【COLUMN】Vol.267 全日本ロードレース選手権第三戦オートポリス

連休明けにオートポリスで2&4が開催された。

 オートポリスで毎年悩まされるのが気まぐれな天候。今年もまんまとハマってしまった。

今回は事前テストがゴールデンウイーク中にあたるので開催されなかったし、全日本の基本的な約束事で、木曜日の特別スポーツ走行も無く、金曜日のART走行からとなった。

 金曜日は絶好のコンディションで、大津の町からミルクロードを上がっていくと見事な緑の草原が広がっている。俺はこの景色が大好きで、この景色が楽しみでオートポリスに来ているようなものなんだ(笑)

 JSBの涼はこのところ調子が悪く本人曰く「スランプなんです」スランプに陥ったライダーを数多く見てきた俺は、JSBチームと相談して「リハビリセットで行こう」対策セットで現地入りした。

 金曜日の一回目、二回目と走り、モヤモヤした感じが取り切れないまま下山?翌日も好天に恵まれたが、残念ながらまだ予選。俺は「今日が決勝だったら良かったなあ」何度も呟いていた。そんな中で行われた予選1回目、涼は2回目に進める10位以内から滑り落ちそうだったので予選2で使う予定のニュータイヤを投入して二回目の予選に滑り込んだ。しかしその予選2で、ポールのヤマハからは2秒以上離されてしまった。

余程の事が起きない限り挽回は出来ない。

 日曜日、決勝の朝。ホテルの部屋から見える景色は真っ白、雨も降っているし、何よりも暖かくて風が無い。(霧が出るには絶好?のコンディション)暗い気持ちで、昨日までは絶景だったミルクロードを登って行く。
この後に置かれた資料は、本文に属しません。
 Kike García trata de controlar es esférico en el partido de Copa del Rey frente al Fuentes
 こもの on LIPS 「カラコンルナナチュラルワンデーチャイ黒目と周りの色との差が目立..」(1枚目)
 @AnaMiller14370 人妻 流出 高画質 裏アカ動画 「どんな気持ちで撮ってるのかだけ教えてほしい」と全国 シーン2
(だから言ったじゃない、昨日やっておけば(苦笑))

 コースに到着してもやる事が無い。ARTの仕事?で車に乗ってコースチェック。やったって同じ、見えないものは見えない。度々時間をずらし何とかフリー走行をこなし、即決勝。

しかし、この決勝が難しかった。朝から降っていた雨は上がったが、立ち込めていた霧(下界から見れば完全な雲?)が中々晴れなかったので思ったようにはドライにならない。

 グリッドに付いた涼に「スリックで行けないか?」何度も確認したが涼の答えは「無理です」

ライダーが無理と言っているものを俺達は強要出来ない、走るのはライダーだから。

 10年位前に岡山で当時のライダー小西良輝に「お前なら出来る、ドライタイヤで行け」スタートした時は水しぶきが上がるほどだったが、小西は見事にブッチギリで勝った。
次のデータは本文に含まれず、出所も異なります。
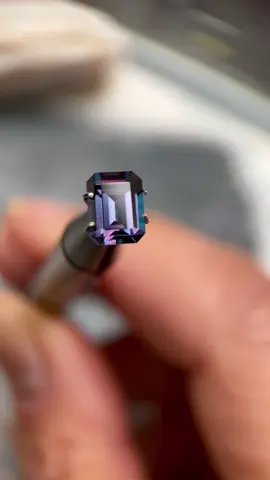 This isn’t just any gem 💎 A top-grade Brazilian alexandrite—one of the rarest stones in the world. Watch it shift from teal to purple depending on the light ✨ Nature’s alchemy, in crystal form. Want us to source a one-of-a-kind gem for you? info@lizunova.com 💌 #alexandrite #raregemstone #colourchangegem #brazilianalexandrite #finejewellery #gemstonetok #bespokejewellery #luxurygems #customjewellery #gemsoftiktok #jewellerytok 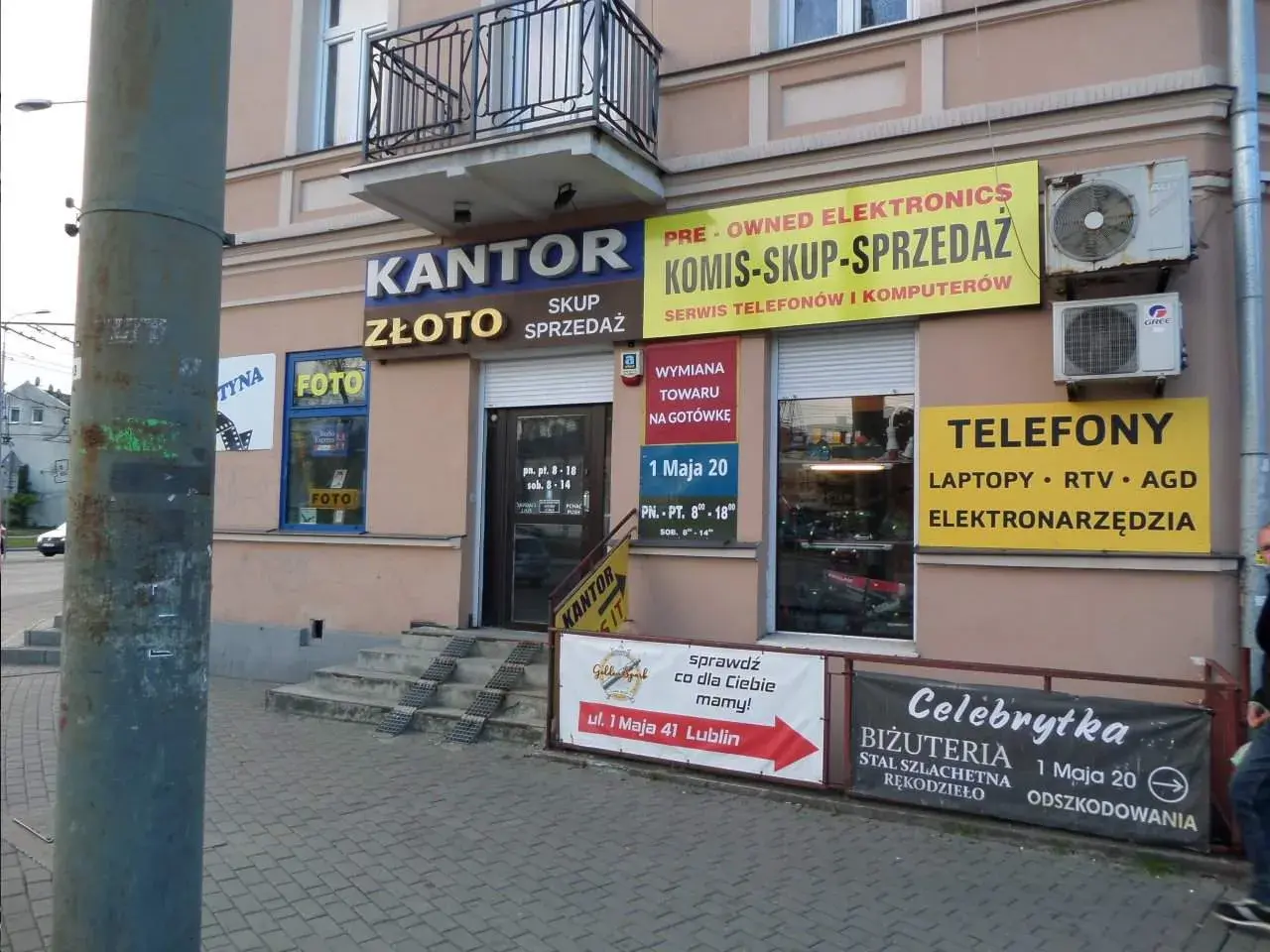 Kantor i sklepy z elektroniką, złotem i telefonami. Wiele komisjonerów oferuje skup i sprzedaż.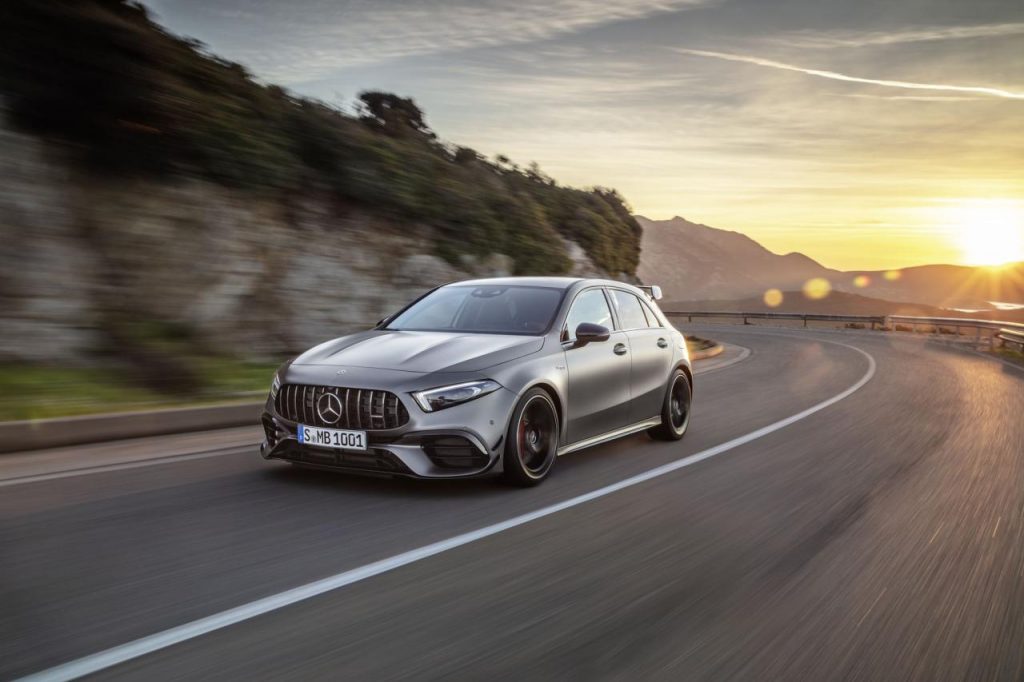 hd-mercedes_amg_a_45_4maticplus_et_cla_45_4maticplus_les_enfants_terribles_1-1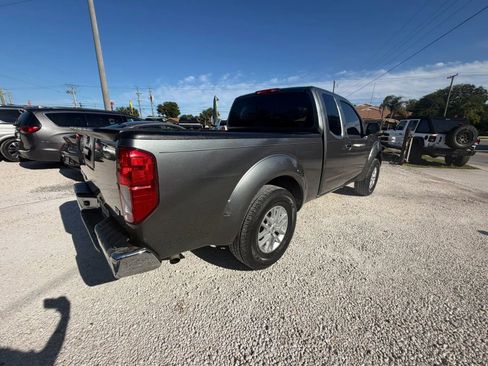 Used 2016 Nissan Frontier SV RWD image 6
 レースを前にしたライダーの心境は複雑だ。もちろん、どんなライダーだってレースに勝ちたいと思っている訳で、負けに来るライダーなんていない(いるのかな?)

 ハイパワーのビッグマシンを微妙なコンディションの中でスリックタイヤをチョイスするのは、勇気と技術の裏付けが必要だ。

結果的にはコースは乾き、ラスト5ラップ位はレインタイヤを履いたライダー達は惨めだった(その中に涼もいたが)スリックに賭け勝負に出たライダー達には勝利の女神が微笑んだ。

 今年は勝つどころか表彰台にも上がれないレースが続いている。この悪い流れを早く断ち切らないと。(この流れを作った野郎がいるんだよな~)なんて嘆いている場合じゃない。

実力で断ち切らないと。勝利の女神に名前忘れられてしまう。